* Problem statement
Repeat every entry exactly. Do not include the pictures.

* Supplied data
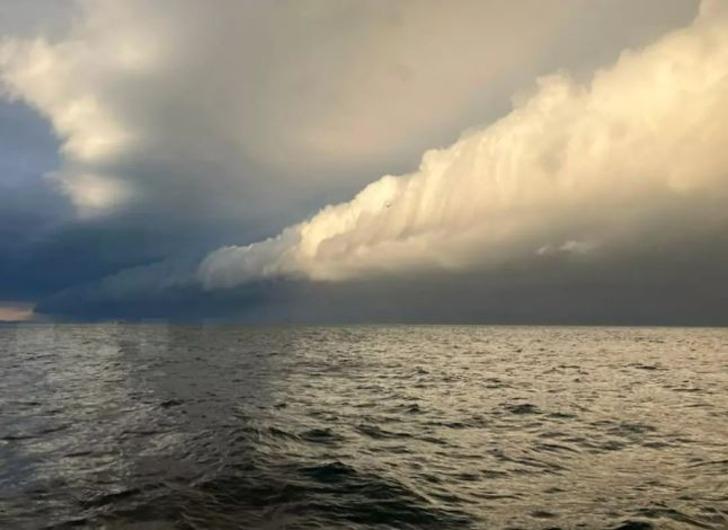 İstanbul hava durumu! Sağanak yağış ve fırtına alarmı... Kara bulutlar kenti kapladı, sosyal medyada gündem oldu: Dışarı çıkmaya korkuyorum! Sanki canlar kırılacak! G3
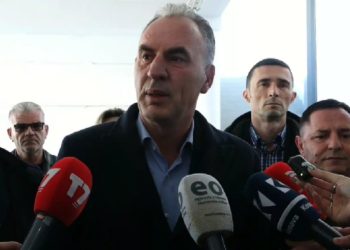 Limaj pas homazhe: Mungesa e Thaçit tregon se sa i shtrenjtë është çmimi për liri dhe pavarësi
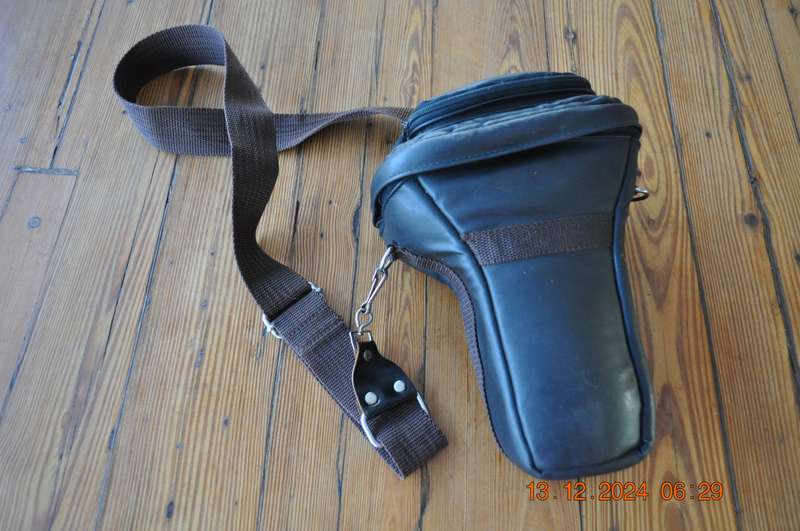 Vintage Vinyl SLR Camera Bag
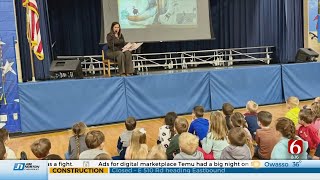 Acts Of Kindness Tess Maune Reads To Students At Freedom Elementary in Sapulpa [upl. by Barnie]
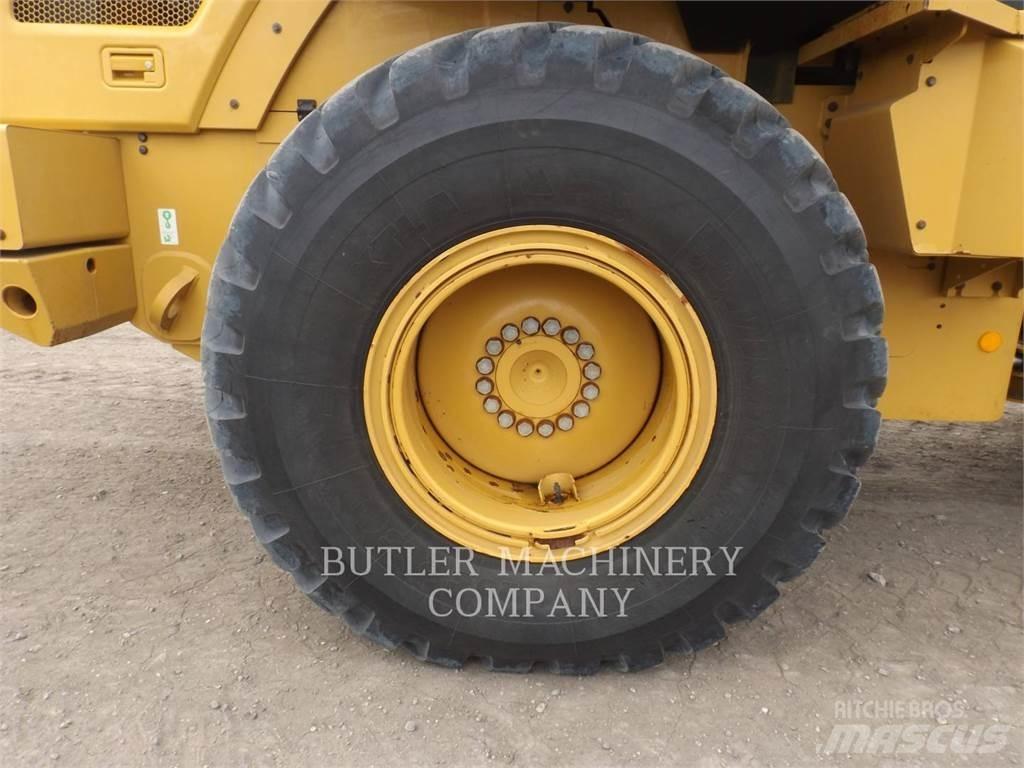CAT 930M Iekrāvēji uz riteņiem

* Written answer
 İstanbul hava durumu! Sağanak yağış ve fırtına alarmı... Kara bulutlar kenti kapladı, sosyal medyada gündem oldu: Dışarı çıkmaya korkuyorum! Sanki canlar kırılacak! G3
 Limaj pas homazhe: Mungesa e Thaçit tregon se sa i shtrenjtë është çmimi për liri dhe pavarësi
 Vintage Vinyl SLR Camera Bag
 Acts Of Kindness Tess Maune Reads To Students At Freedom Elementary in Sapulpa [upl. by Barnie]
CAT 930M Iekrāvēji uz riteņiem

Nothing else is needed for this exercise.